Goal of the exercise: The required answer is an exact copy of the lines from the one containing "中古 バーバリー 斜め掛け" to the end of the listing, both included, without any pictures.

Provided entries section start

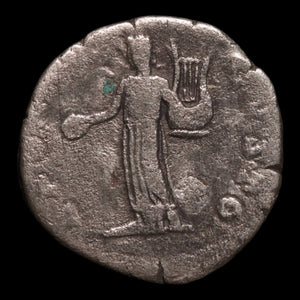 Rome, Emperor Septimius Severus, AR Denarius, Apollo (Major Greek God) - 194 to 195 CE - Roman Empire
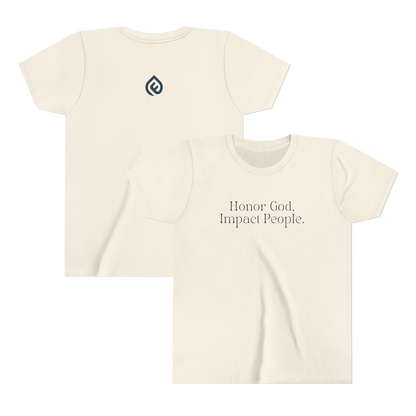 Youth - Premium T-shirt "Honor God, Impact People" - FAC Aurora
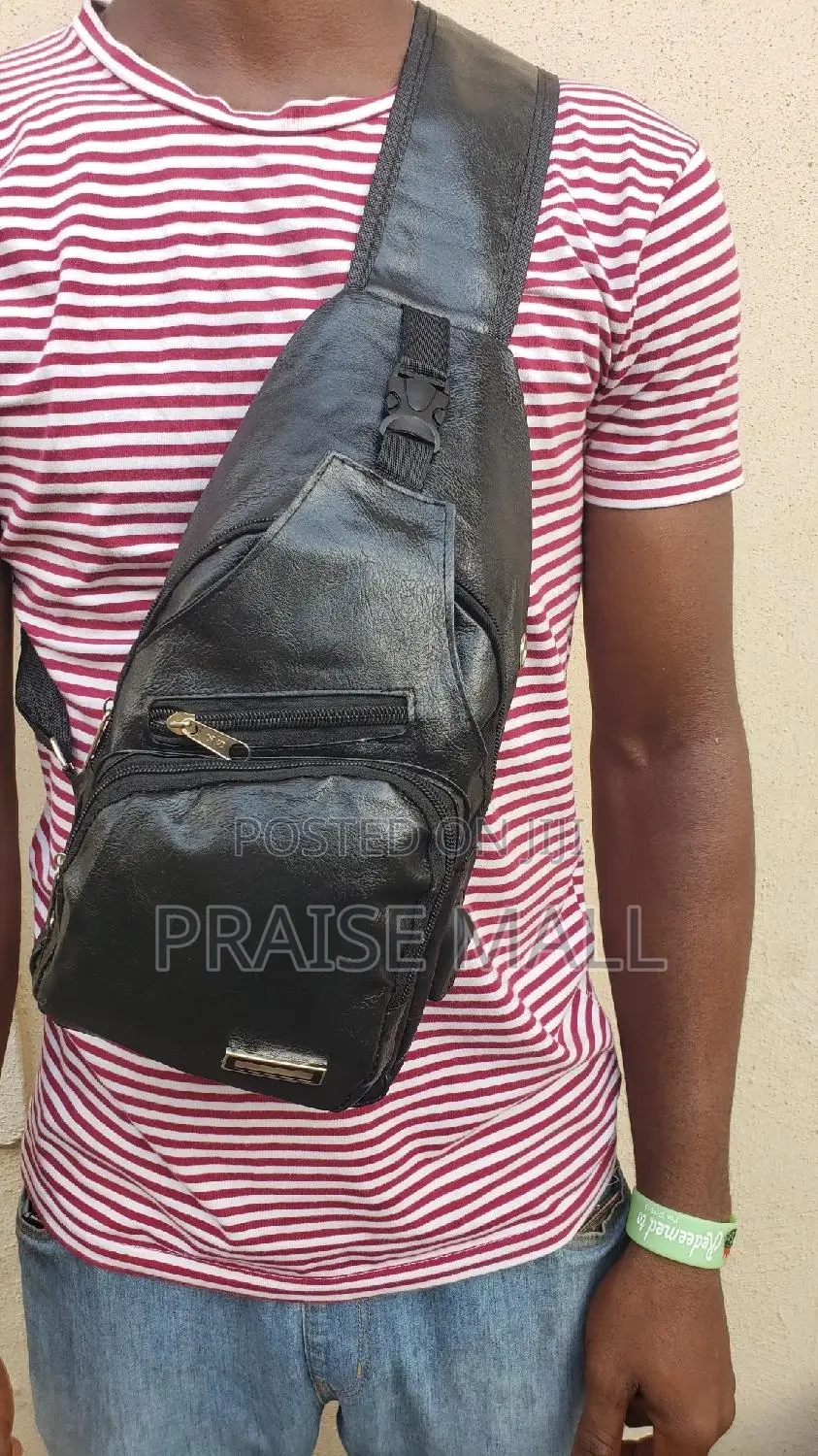 Crossbody Messenger/Chest Bag With USB Charging Port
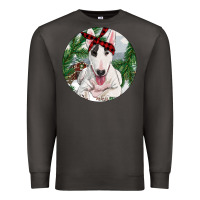 Smoke Bull Terrier And Farm Premium Sweatshirt - RanaPortraitStore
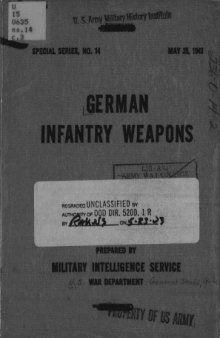 German Infantry Weapons  [MIS 461]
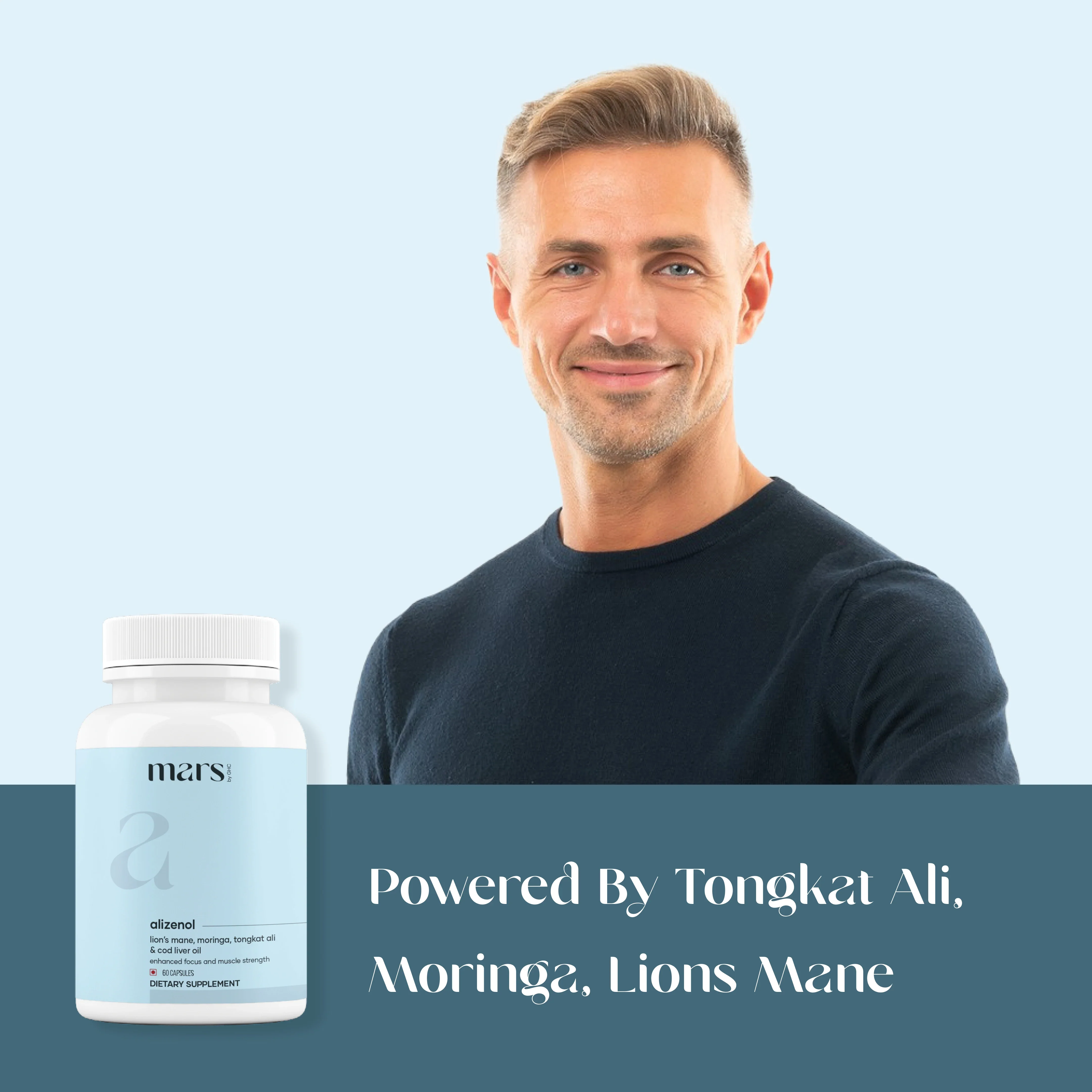 Mars Alizenol - Powered By Tongkat Ali, Moringa, Lions Mane - Image 6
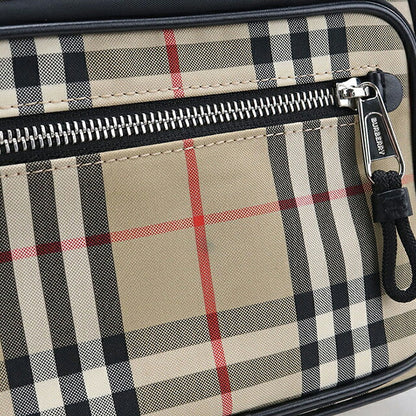 中古 バーバリー 斜め掛け ショルダーバッグ レディース ブランド BURBERRY ノバチェック  8010152 ベージュ USDBU120105011
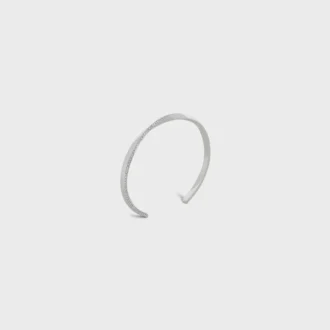 Torsion-armband i vitt guld och diamanter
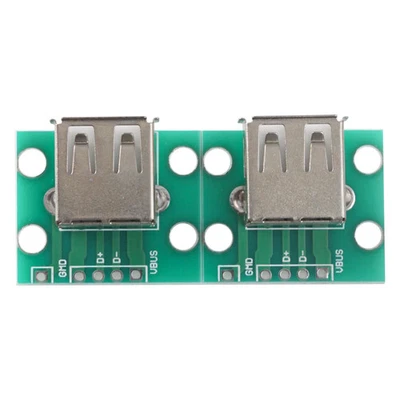 2PCS Mini USB 2.0 Femmina a 5Pin Connettore USB Modulo Adattatore Convertitore PCB - Immagine 1 di 4
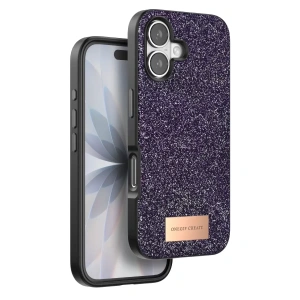 Hubrendy SH Onegif Apple İphone 17 Bright Simli Kapak - Derin Mor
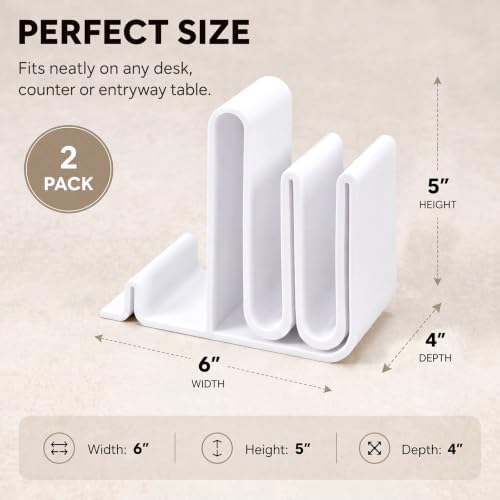 Novabright 2 Pack Mail Organizer Countertop Vertical File Folder Holder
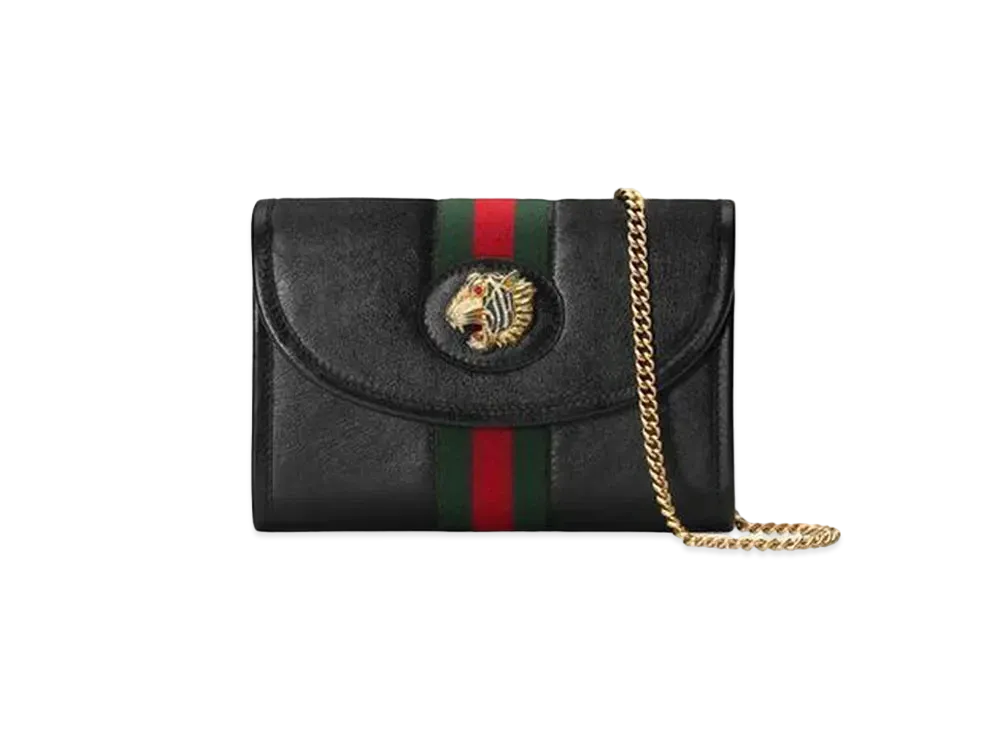 GUCCI Raja Chain Shoulder Bag "Black"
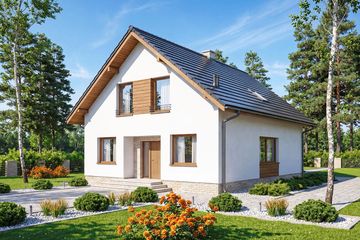  Projekt domu Lungo 3 (WOF1131) - projekt domu parterowego z poddaszem - Zdjęcie 1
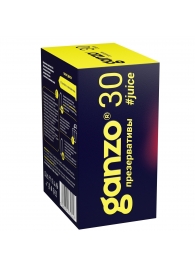 Ароматизированные презервативы Ganzo Juice - 30 шт. - Ganzo - купить с доставкой во Владикавказе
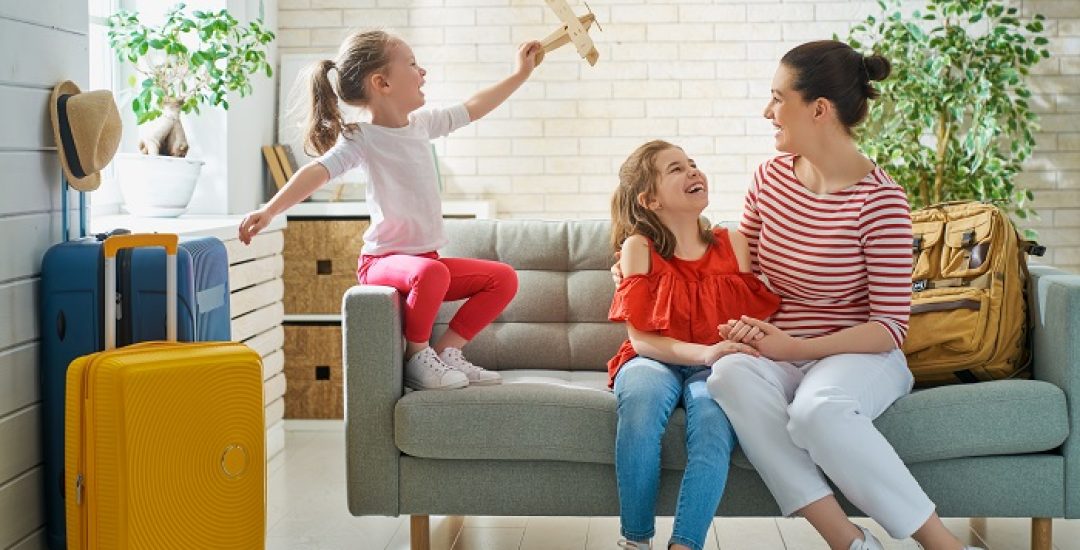 Go,On,An,Adventure!,Happy,Family,Preparing,For,The,Journey.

Provided entries section end

Answer space:
 中古 バーバリー 斜め掛け ショルダーバッグ レディース ブランド BURBERRY ノバチェック  8010152 ベージュ USDBU120105011
 Torsion-armband i vitt guld och diamanter
 2PCS Mini USB 2.0 Femmina a 5Pin Connettore USB Modulo Adattatore Convertitore PCB - Immagine 1 di 4
 Hubrendy SH Onegif Apple İphone 17 Bright Simli Kapak - Derin Mor
 Novabright 2 Pack Mail Organizer Countertop Vertical File Folder Holder
 GUCCI Raja Chain Shoulder Bag "Black"
  Projekt domu Lungo 3 (WOF1131) - projekt domu parterowego z poddaszem - Zdjęcie 1
 Ароматизированные презервативы Ganzo Juice - 30 шт. - Ganzo - купить с доставкой во Владикавказе
 Go,On,An,Adventure!,Happy,Family,Preparing,For,The,Journey.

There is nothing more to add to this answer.